Title: Aggregation of bank transaction data into a weekly Index of economic activity
Authors: Feliciaan De Palmenaer - Universiteit Gent and Vrije Universiteit Brussel (Belgium) [presenting]
Milan van den Heuvel - Ghent University (Belgium)
Kris Boudt - Vrije Universiteit Brussel and VU Amsterdam (Belgium)
Koen Schoors - Ghent University (Belgium)

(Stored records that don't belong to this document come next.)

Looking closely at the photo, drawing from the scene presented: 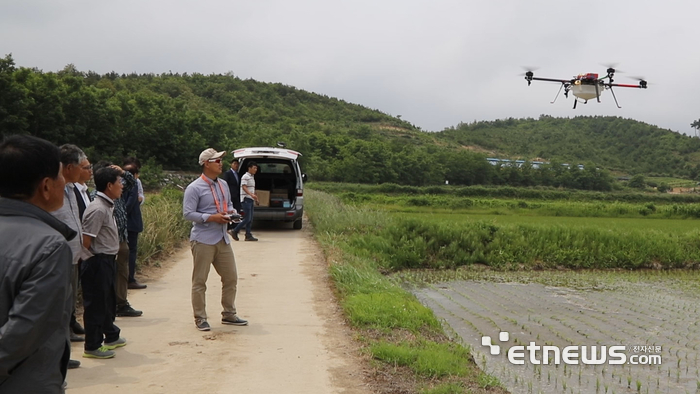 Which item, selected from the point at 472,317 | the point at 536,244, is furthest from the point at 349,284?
the point at 536,244

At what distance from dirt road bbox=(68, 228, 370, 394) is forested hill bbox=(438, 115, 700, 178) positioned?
311 feet

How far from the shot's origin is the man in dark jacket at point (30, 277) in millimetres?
2320

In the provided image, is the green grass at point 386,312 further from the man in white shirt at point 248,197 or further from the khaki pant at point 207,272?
the man in white shirt at point 248,197

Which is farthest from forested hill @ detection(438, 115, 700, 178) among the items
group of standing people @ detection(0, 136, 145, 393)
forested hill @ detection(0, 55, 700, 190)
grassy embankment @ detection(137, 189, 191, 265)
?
group of standing people @ detection(0, 136, 145, 393)

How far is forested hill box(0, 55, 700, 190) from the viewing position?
35250 millimetres

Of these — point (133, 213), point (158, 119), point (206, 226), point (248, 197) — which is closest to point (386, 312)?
point (206, 226)

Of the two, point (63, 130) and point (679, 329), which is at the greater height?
point (63, 130)

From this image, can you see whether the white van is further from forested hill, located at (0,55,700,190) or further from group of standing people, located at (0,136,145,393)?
forested hill, located at (0,55,700,190)

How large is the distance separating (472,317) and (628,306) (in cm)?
329

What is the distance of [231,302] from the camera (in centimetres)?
671

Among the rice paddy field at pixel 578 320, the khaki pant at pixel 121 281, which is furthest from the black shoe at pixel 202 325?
the rice paddy field at pixel 578 320

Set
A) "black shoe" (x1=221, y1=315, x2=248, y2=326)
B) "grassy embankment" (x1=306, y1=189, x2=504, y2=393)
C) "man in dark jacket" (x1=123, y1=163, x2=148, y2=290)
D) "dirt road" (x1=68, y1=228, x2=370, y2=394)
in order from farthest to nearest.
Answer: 1. "man in dark jacket" (x1=123, y1=163, x2=148, y2=290)
2. "black shoe" (x1=221, y1=315, x2=248, y2=326)
3. "grassy embankment" (x1=306, y1=189, x2=504, y2=393)
4. "dirt road" (x1=68, y1=228, x2=370, y2=394)

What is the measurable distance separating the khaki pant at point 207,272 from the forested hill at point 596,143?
96.4m

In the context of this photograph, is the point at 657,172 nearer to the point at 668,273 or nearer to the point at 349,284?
the point at 668,273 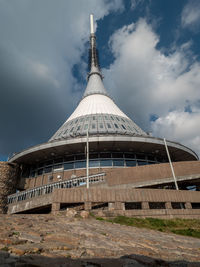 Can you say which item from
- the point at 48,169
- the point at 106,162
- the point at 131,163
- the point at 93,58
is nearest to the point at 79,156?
the point at 106,162

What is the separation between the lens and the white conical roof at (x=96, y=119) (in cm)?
2569

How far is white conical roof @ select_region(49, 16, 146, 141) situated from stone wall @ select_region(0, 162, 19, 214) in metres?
6.54

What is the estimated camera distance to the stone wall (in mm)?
20062

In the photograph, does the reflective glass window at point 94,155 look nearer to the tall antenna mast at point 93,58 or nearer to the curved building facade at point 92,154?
the curved building facade at point 92,154

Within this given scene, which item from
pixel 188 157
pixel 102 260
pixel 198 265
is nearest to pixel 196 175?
pixel 188 157

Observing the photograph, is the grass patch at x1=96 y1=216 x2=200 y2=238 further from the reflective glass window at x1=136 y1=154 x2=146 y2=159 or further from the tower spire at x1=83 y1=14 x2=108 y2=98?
the tower spire at x1=83 y1=14 x2=108 y2=98

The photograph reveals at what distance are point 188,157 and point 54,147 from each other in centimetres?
1853

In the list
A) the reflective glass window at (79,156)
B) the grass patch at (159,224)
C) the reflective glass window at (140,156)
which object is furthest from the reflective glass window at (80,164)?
the grass patch at (159,224)

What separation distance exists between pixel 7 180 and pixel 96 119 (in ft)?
50.0

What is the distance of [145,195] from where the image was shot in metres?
11.2

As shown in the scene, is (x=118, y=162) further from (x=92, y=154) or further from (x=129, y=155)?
(x=92, y=154)

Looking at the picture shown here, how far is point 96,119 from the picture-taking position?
29.1m

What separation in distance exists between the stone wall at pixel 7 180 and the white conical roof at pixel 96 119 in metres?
6.54

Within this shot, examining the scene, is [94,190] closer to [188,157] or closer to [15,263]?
[15,263] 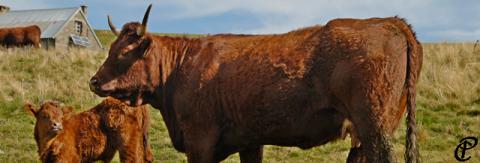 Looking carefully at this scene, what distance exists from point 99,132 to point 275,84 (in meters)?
5.56

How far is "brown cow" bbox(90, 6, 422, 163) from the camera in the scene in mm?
4770

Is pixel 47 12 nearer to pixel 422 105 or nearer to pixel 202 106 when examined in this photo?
pixel 422 105

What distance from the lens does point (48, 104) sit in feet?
31.8

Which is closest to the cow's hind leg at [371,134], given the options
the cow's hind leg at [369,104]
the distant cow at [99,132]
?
the cow's hind leg at [369,104]

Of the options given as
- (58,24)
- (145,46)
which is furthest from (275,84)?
(58,24)

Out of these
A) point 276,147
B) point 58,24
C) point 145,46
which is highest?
point 58,24

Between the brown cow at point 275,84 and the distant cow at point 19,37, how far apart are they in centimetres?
2761

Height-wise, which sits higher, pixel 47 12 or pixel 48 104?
pixel 47 12

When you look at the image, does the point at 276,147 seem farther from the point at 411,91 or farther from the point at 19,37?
the point at 19,37

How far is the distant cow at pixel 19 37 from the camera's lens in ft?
105

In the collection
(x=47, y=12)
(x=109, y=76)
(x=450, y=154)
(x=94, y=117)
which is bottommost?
(x=450, y=154)

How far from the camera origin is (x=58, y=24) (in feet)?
185

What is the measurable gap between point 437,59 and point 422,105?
402cm

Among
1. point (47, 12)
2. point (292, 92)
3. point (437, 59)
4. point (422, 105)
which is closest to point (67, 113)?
point (292, 92) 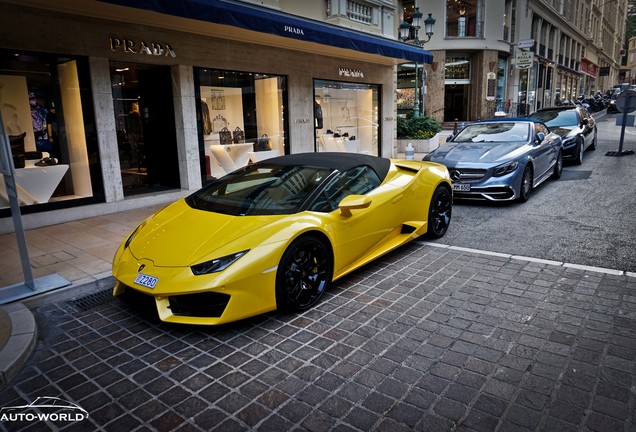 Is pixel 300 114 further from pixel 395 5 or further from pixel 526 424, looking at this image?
pixel 526 424

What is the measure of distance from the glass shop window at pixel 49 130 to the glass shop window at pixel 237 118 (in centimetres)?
243

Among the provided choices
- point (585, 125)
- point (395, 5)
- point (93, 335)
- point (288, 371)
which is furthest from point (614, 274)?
point (395, 5)

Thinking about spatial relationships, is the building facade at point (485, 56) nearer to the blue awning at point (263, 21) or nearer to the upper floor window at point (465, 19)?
the upper floor window at point (465, 19)

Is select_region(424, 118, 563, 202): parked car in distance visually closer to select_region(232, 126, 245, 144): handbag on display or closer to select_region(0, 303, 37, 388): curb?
Answer: select_region(232, 126, 245, 144): handbag on display

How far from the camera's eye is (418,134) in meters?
17.1

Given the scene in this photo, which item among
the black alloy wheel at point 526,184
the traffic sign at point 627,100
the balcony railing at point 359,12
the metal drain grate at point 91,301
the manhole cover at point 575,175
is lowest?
the metal drain grate at point 91,301

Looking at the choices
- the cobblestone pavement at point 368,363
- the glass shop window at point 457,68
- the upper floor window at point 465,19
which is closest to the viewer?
the cobblestone pavement at point 368,363

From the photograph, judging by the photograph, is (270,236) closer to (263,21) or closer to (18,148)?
(263,21)

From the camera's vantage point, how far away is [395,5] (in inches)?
573

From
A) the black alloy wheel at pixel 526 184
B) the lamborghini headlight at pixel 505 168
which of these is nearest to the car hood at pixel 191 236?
the lamborghini headlight at pixel 505 168

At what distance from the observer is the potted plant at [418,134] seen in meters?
16.8

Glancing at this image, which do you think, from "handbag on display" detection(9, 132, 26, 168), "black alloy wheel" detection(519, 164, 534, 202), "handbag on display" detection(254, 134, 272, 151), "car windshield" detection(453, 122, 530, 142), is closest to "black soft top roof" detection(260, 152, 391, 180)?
"black alloy wheel" detection(519, 164, 534, 202)

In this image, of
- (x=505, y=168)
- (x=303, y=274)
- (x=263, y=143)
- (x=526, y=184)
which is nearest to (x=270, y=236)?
(x=303, y=274)

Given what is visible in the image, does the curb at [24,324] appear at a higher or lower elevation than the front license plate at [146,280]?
lower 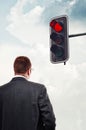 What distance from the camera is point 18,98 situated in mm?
6445

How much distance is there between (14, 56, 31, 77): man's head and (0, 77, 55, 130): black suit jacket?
16 cm

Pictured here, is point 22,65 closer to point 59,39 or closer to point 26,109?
point 26,109

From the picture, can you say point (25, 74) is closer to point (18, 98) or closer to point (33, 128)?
point (18, 98)

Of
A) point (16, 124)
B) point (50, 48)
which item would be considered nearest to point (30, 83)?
point (16, 124)

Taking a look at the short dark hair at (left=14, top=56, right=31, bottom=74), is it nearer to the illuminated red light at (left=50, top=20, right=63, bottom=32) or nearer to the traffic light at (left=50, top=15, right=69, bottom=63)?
the traffic light at (left=50, top=15, right=69, bottom=63)

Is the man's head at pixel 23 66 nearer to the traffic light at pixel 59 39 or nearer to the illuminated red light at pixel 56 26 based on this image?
the traffic light at pixel 59 39

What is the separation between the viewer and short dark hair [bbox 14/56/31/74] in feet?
21.5

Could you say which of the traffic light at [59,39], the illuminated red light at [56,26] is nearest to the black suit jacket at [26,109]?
the traffic light at [59,39]

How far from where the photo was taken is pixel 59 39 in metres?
10.8

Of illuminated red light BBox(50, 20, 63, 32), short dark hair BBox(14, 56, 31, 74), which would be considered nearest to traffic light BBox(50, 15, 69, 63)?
illuminated red light BBox(50, 20, 63, 32)

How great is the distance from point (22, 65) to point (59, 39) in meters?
4.28

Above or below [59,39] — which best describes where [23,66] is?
below

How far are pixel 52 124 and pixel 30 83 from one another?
65cm

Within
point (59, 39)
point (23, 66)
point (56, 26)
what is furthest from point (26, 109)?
point (56, 26)
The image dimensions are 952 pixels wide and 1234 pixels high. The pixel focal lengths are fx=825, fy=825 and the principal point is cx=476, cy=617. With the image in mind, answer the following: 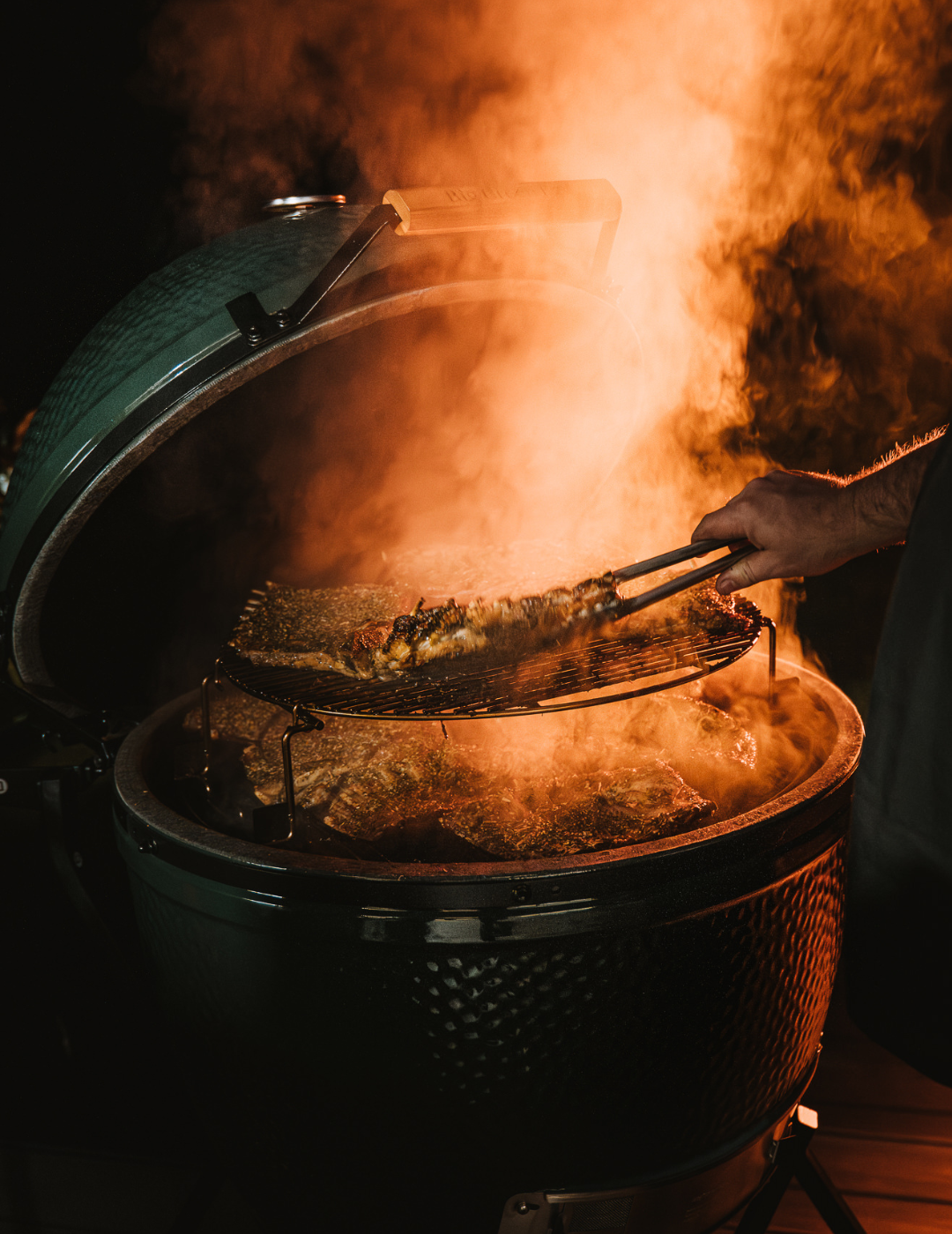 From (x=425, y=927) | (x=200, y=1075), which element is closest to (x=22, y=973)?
(x=200, y=1075)

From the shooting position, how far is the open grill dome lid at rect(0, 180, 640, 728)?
142cm

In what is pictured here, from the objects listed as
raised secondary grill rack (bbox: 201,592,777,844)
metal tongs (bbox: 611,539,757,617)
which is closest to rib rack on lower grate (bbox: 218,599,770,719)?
raised secondary grill rack (bbox: 201,592,777,844)

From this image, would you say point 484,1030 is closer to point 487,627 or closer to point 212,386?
point 487,627

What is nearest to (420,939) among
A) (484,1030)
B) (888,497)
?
(484,1030)

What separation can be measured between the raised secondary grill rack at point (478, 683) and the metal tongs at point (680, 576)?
110 mm

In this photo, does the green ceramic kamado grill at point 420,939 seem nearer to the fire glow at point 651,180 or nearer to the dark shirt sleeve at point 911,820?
the dark shirt sleeve at point 911,820

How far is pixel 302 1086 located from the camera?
1.41 meters

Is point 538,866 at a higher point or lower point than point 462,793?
higher

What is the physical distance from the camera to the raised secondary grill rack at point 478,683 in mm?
1362

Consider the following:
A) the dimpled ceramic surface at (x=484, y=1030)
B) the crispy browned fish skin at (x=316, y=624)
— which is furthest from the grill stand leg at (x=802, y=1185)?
the crispy browned fish skin at (x=316, y=624)

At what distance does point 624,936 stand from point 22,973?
195 centimetres

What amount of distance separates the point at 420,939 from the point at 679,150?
2801 millimetres

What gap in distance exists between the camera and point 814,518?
1.54m

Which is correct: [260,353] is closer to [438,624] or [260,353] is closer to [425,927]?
[438,624] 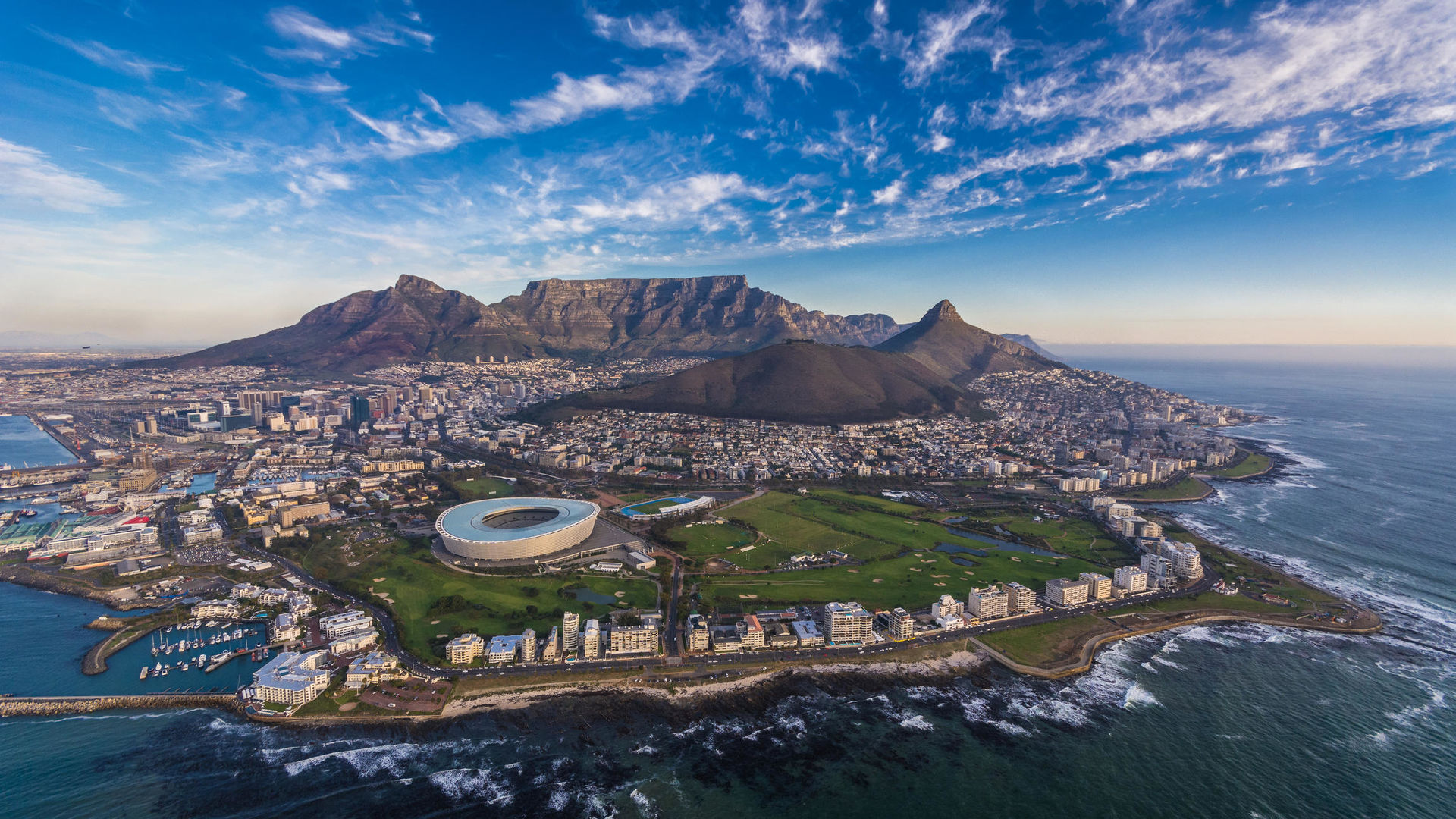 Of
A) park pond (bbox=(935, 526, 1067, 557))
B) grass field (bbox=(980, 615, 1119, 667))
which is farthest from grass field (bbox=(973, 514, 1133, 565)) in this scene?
grass field (bbox=(980, 615, 1119, 667))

Abstract: Bank transaction data gives a high-frequency overview of monetary transfers between firms, aggregating certain transactions, the output of a firm can be constructed for a week. When aggregating all firms over a week, an index can be constructed to show the week-over-week growth or changes in economic activity of the Belgian economy. The anonymized dataset contains all bank transactions of firms that are clients of a Belgian bank. Going from raw transactions data to the weekly index is a multi-step process with some challenges. Aggregating is done in three steps, first as much as possible, filtering, seasonal adjustments and cleaning is made on a per firm basis. The next step is to group all firms in the same sector, using NACE-codes, an EU wide classification nomenclature, and take the mean of all firms' outputs. The final step is to aggregate these sectoral indices to one weekly economic index. The first correction we had to on our data was to add sectoral seasonality adjustments to firms' outputs to prevent cyclical deviations, using the geometric mean of the weekly outputs of firms in this sector for 10 years. Instead of weeks, pseudo-weeks are used where each month consists out of 4 weeks. To correct for the longer weeks, all weekly data is normalized. And to prevent differences between the weight of a sector in the overall economy and the weight in the bank index, correct weights were used from the Belgian statistical office when constructing the index.